12 April 17
Kuwait TimesSouth Asian migrants working in the multibillion dollar construction industry in Arab Gulf countries are shouldering the costs of their own recruitment fees while companies and their clients are reaping the benefits from inexpensive labor, according to a study released yesterday. The research by New York University’s Stern Center for Business and Human Rights found that workers spend an average of 10 to 18 months’ worth of salary paying off the fees that help facilitate their migration.
A slide in oil prices has slowed down the pace of construction in the Gulf and affected governments’ abilities to pay for major infrastructure costs, but there is still strong demand for millions of low-wage construction workers. Qatar is investing heavily in the construction of stadiums for the 2022 World Cup. Dubai is building up a vast desert area that will be the site of the 2020 World Expo.
In order to reduce the cost of labor on mega projects, a weakly controlled system for recruitment is passing on the costs to the workers themselves, says the study. Workers from Bangladesh are paying the highest fees in the world. Bangladeshis earning just a few hundred dollars a month in the Gulf are paying recruitment fees ranging from around $1,700 to $5,200. Indian migrants are paying an average of between $1,000 and $3,000.

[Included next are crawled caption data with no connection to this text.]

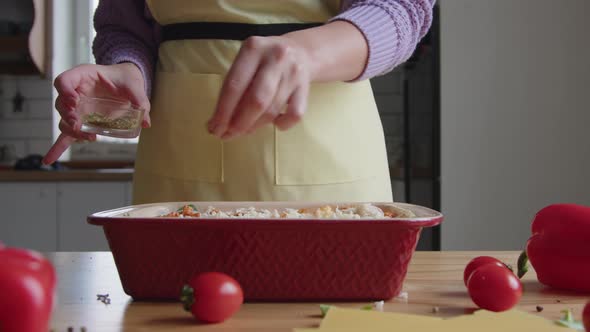 Woman Is Adding Mix of Spices to Meal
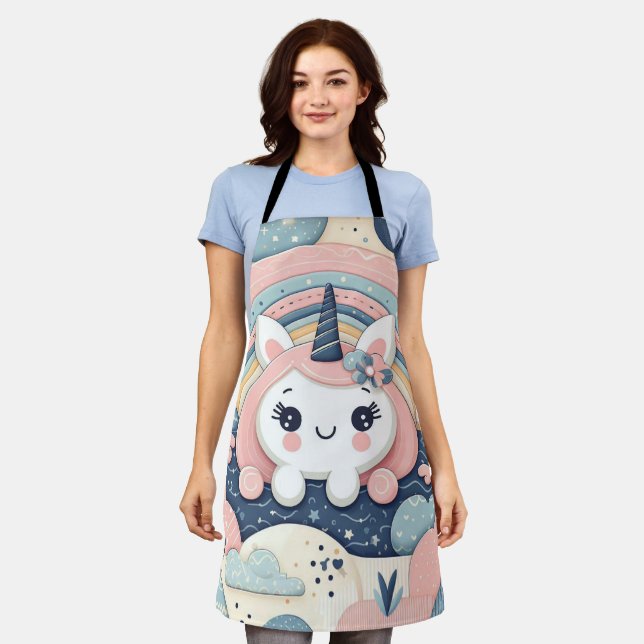 A cute unicorn peeks out from behind a rainbow apron (Worn)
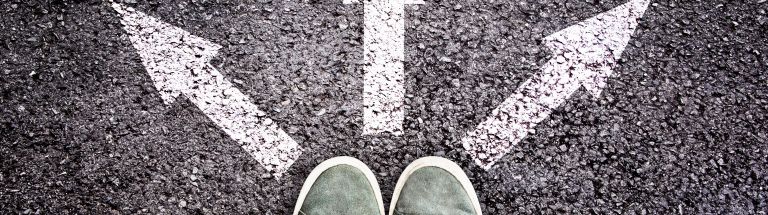 Person standing with 3 arrows on the ground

The study describes it as a “perverse business model”. Rather than providing an opportunity for decent pay and a better livelihood, construction industry practices across the Gulf are pushing workers into extreme debt and exacerbating abuses, such as an inability to change jobs or move to another country due to indebtedness.
“Companies should strive to be in compliance with local law in areas where they are operating,” said David Segall, one of the authors of the report. “As we’ve seen in other industries, the dam holding back reputational damage tends to break suddenly and without warning and irreversibly so I think it would be to construction companies’ benefit to come ahead of the curve on this one.” Segall and his co-author Sarah Labowitz say construction firms and their Gulf-based clients can help “end the cycle of abuse” by paying for the recruitment costs of construction workers who are needed to build the region’s skyscrapers, stadiums, hotels, theme parks and sprawling malls.
The report, titled “Migrant Workers Pay: Recruitment of the Migrant Labor Force in the Gulf Construction Industry,” details how workers are exploited through a complex system of agents and subagents who gross hundreds of dollars in profit per worker. Workers are paying several times more than the real cost of recruitment, which is closer to $400 to $650, excluding the cost of airfare. It calls on Arab governments to enforce laws against the selling of visas and on migrant-sending countries to legalize and regulate their local networks of unregistered recruitment agents.
There are laws in place banning Gulf-based employers from directly charging migrant workers for their own recruitment. Selling visas is also illegal in the six members of the Gulf Cooperation Council: Saudi Arabia, the United Arab Emirates, Qatar, Kuwait, Oman and Bahrain. The study found that governments in the Gulf provide migrant worker visas to multinational and local construction companies for free or at a nominal cost, but Gulf-based agents turn around and sell them at a markup to recruiters in South Asian countries who then pass on the cost to the lowest-paid and most vulnerable workers.
There are around 25 million migrant workers across the GCC, in some countries outnumbering the local population. Often hailing from South Asia, the workers accept low-wage jobs with few protections for a chance to send money to relatives back home.
They are allowed to return for a visit once every few years. “At the end of the day, most of these people are coming for a very simple reason: They’re coming for a better life,” Segall said. The Stern Center for Business and Human Rights, which advocates for business practices that abide by human rights standards, receives funding from NYU’s business school, foundations, individuals and companies.